_RECORDS FOR THE EXERCISE:_
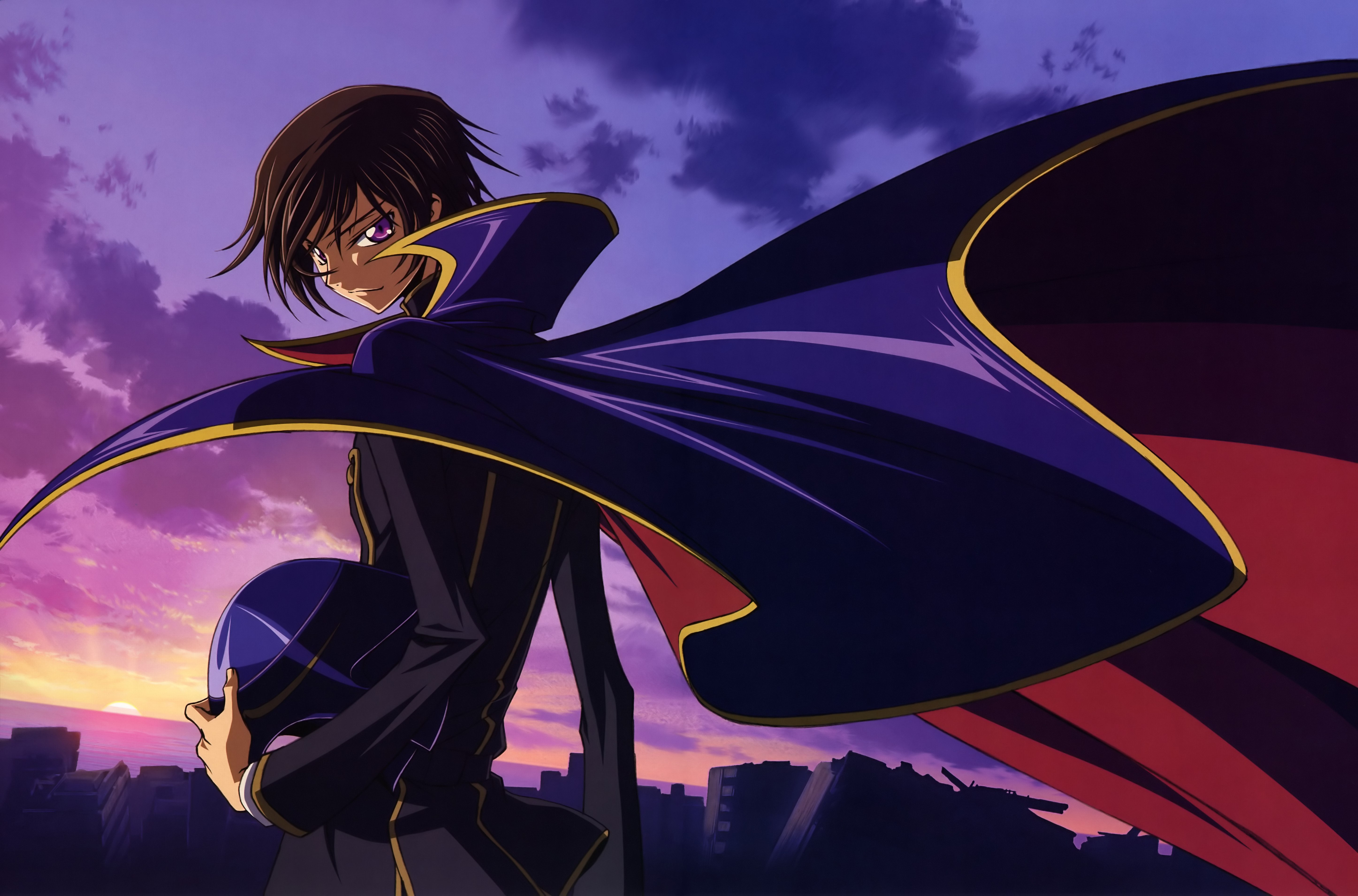 Lelouch Lamperouge, 5K, Code Geass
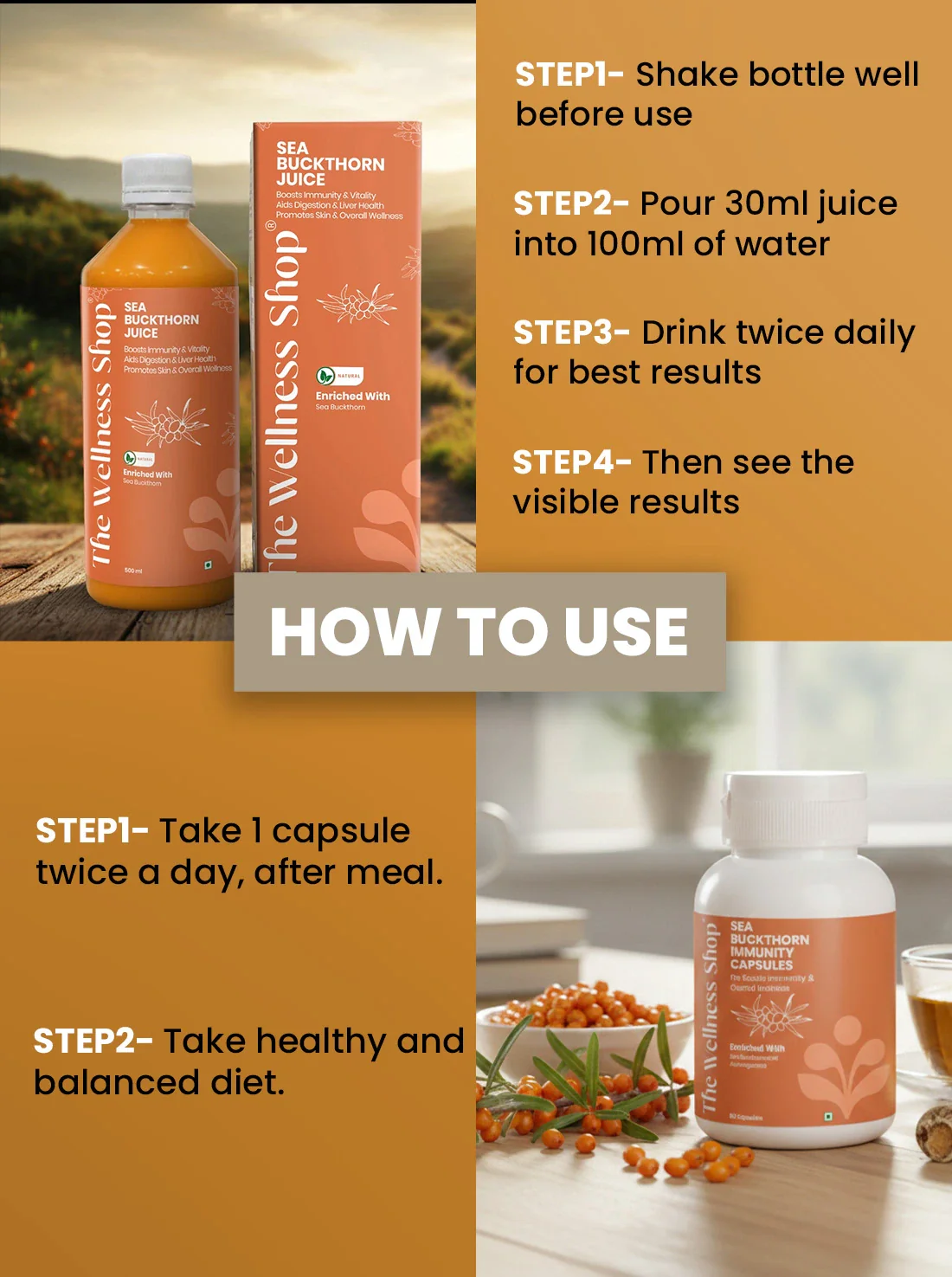 Sea Buckthorn Immune-Vitality Combo - Image 4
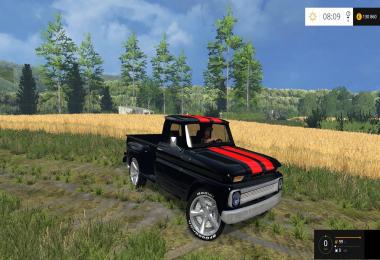 Chevy C10 stepside Tunning v1.0
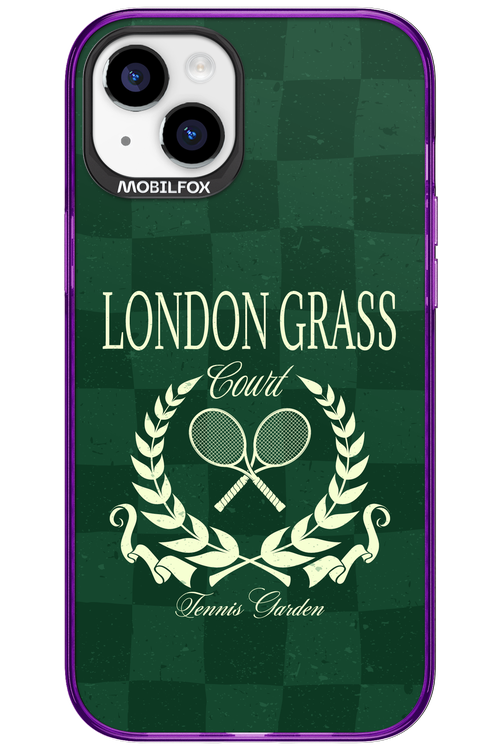 London Grass Court Garden 2.0 - Apple iPhone 15 Plus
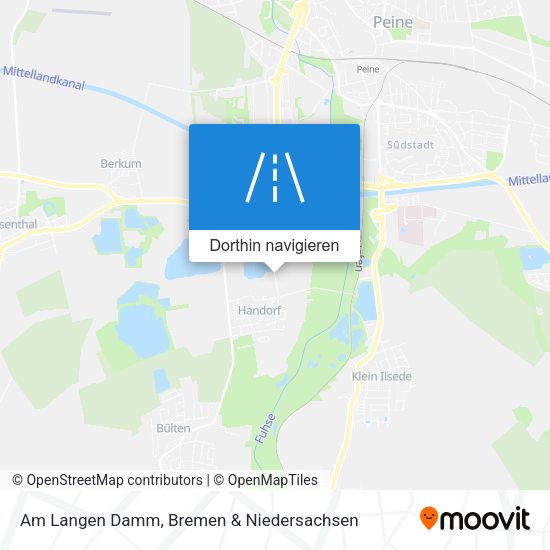 Am Langen Damm Karte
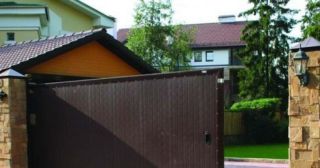 Купить откатные ворота раздвижные Бузулук, цена от 2820 руб.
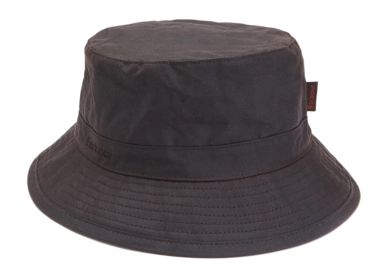 Chapeau de Pêche Barbour Homme Wax Sports Hat Rustic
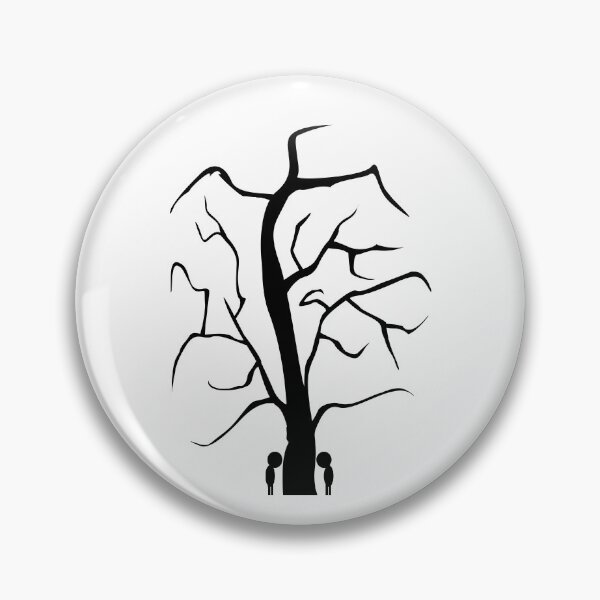 Item preview, The Tree Silhouette designed and sold by vineeth.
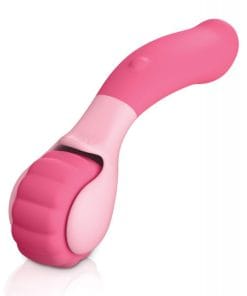 Alternative view of Jimmyjane Evoke Sol-o - Pink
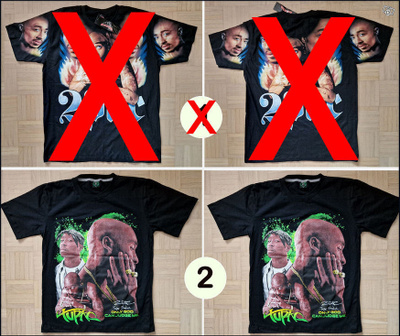 Tupac Shakur T-paitoja koot: L & XL [Rap Gangsta]  15e/kpl
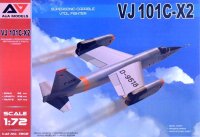 VJ101C-X2 Supersonic VTOL Fighter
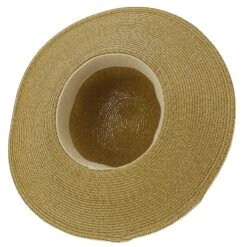 Sophisticated Sun - Jeanne Simmons Natural Paper Braid Wide Brim Hat - 1480 -Bailey Store H 1480 NATURAL 5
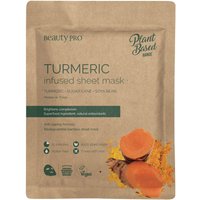 BeautyPro Turmeric Brightening Sheet Mask 22ml
BeautyPro Turmeric Brightening Sheet Mask 22ml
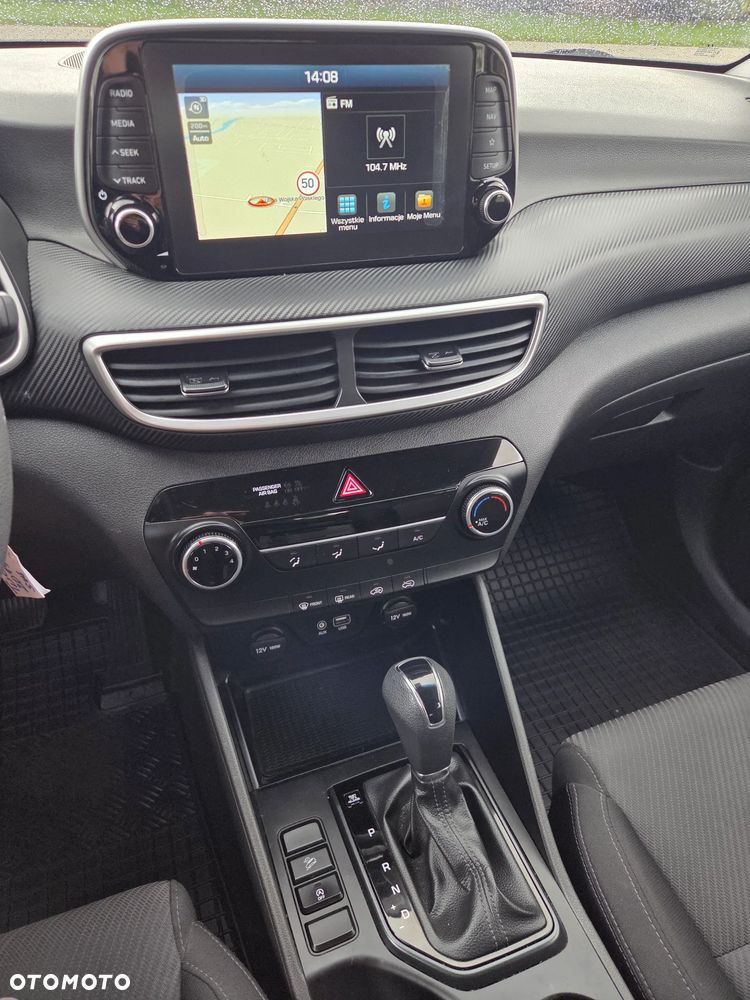 Hyundai Tucson 1.6 Turbo 2WD DCT Style - 19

_TASK INSTRUCTIONS:_
All of the records need repeating exactly, except for the pictures.

_EXPECTED ANSWER:_
 Lelouch Lamperouge, 5K, Code Geass
 Sea Buckthorn Immune-Vitality Combo - Image 4
 Chevy C10 stepside Tunning v1.0
 London Grass Court Garden 2.0 - Apple iPhone 15 Plus
 Am Langen Damm Karte
 Купить откатные ворота раздвижные Бузулук, цена от 2820 руб.
 Chapeau de Pêche Barbour Homme Wax Sports Hat Rustic
 Item preview, The Tree Silhouette designed and sold by vineeth.
 Alternative view of Jimmyjane Evoke Sol-o - Pink
 Tupac Shakur T-paitoja koot: L & XL [Rap Gangsta]  15e/kpl
 VJ101C-X2 Supersonic VTOL Fighter
 Sophisticated Sun - Jeanne Simmons Natural Paper Braid Wide Brim Hat - 1480 -Bailey Store H 1480 NATURAL 5
 BeautyPro Turmeric Brightening Sheet Mask 22ml
BeautyPro Turmeric Brightening Sheet Mask 22ml
 Hyundai Tucson 1.6 Turbo 2WD DCT Style - 19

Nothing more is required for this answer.